Pope condemns religious violence in Christmas address
Pope Francis has denounced the "brutal persecution" of religious and ethnic minorities, in his traditional Christmas Day address.
In his second "Urbi et Orbi" - to the city and the world - Christmas message, the pontiff highlighted the plight of victims of conflict in Syria and Iraq.
"Too many people are being held hostage or massacred" in Nigeria, he added.
Pope Francis also urged dialogue between Israelis and Palestinians and condemned Taliban attacks in Pakistan.
Tens of thousands of people turned out on St Peter's Square to hear the Argentine Pope deliver his annual message.
He said Christians in Iraq and Syria had endured conflict for too long, and "together with those belonging to other ethnic and religious groups, are suffering a brutal persecution".
"May Christmas bring them hope, as indeed also to the many displaced persons, exiles and refugees, children, adults and elderly, from this region and from the whole world," the Pope said.

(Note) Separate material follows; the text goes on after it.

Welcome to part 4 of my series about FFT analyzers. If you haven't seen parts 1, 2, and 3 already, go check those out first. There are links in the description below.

James Reynolds, BBC News, Rome
Shortly before midday a marching band headed along the main avenue towards the Vatican. Police officers shepherded back onlookers who got too close.

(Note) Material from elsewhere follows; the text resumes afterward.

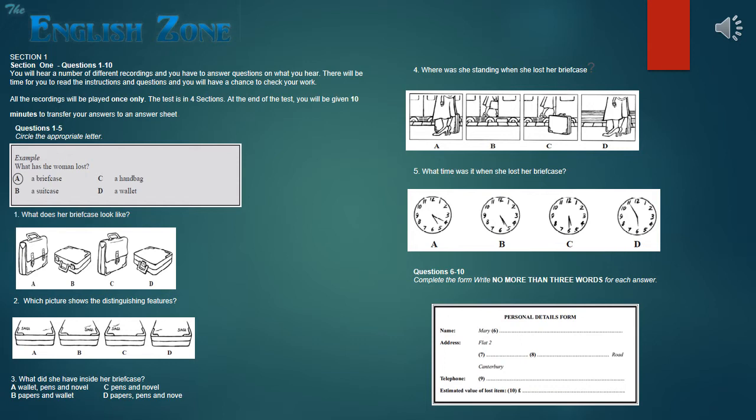I've got that. So, what did you have inside the briefcase? Well, all my papers from college. It's so frustrating, but thank goodness for computers. I haven't lost them completely. Yes, you're lucky. I had my wallet in my pocket, so I didn't lose that. But there were also my pens, which I got for my birthday. And a novel I was planning to read on the train.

Thousands of tourists and pilgrims then walked the short distance to St Peter's Square. They looked up to the balcony of the Basilica. Those at the back looked at video screens set up on either side of the square.
The crowd cheered as the Pope stepped out to deliver his Christmas message to the city and the world. He spoke quietly in Italian. He called for peace in a number of conflicts - in the Middle East and Africa in particular.

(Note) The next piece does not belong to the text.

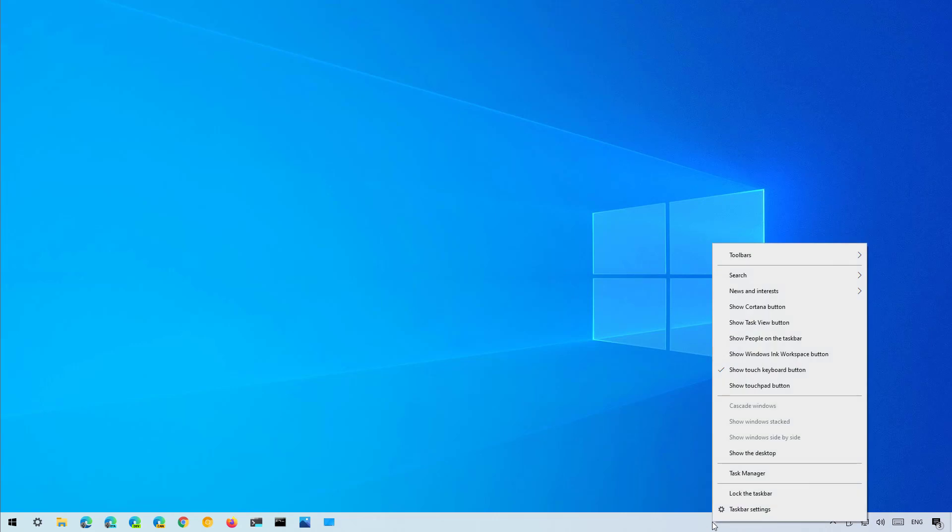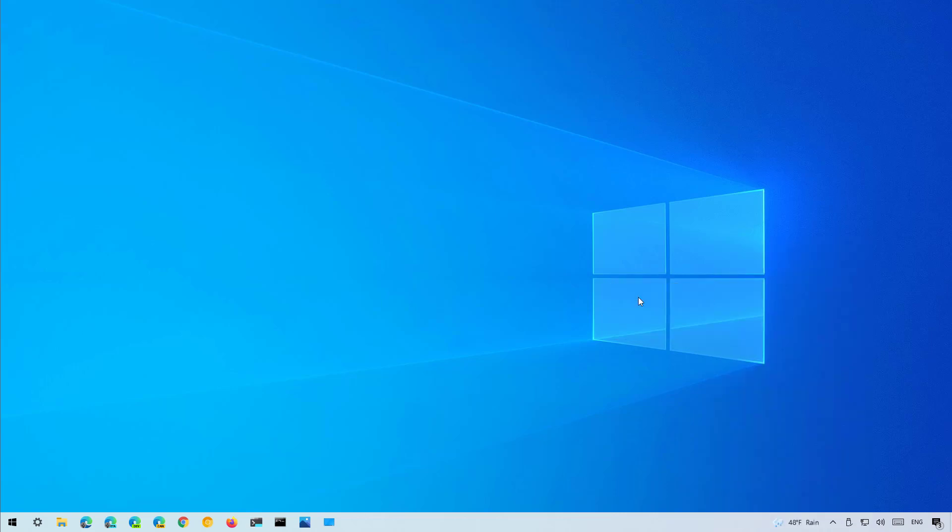just right-click on the taskbar again and then on news and interest, select the show icon and text.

The Pope's calls for peace are not new. Throughout the year, he delivers regular appeals for an end to conflict during his Sunday Angelus blessing given from the window of his official apartment in the Vatican.
On Christmas Day, the Pope makes the same call. But his stage - and his audience - are much bigger.
In his Christmas Day address, he also asked for peace in Ukraine, Nigeria, in Libya, South Sudan and other parts of Africa.
He called for comfort for the families of the 132 children killed in a Taliban attack in Pakistan last week - and for the victims of the Ebola epidemic.
On Wednesday he made a surprise telephone call to refugees in a camp near Irbil, in Iraq's northern Kurdistan region.
"You are like Jesus on Christmas night. There was no room for him either," he told them.
Advances in Iraq by Islamic State militants have forced tens of thousands of Christians and people from other religious minorities to flee.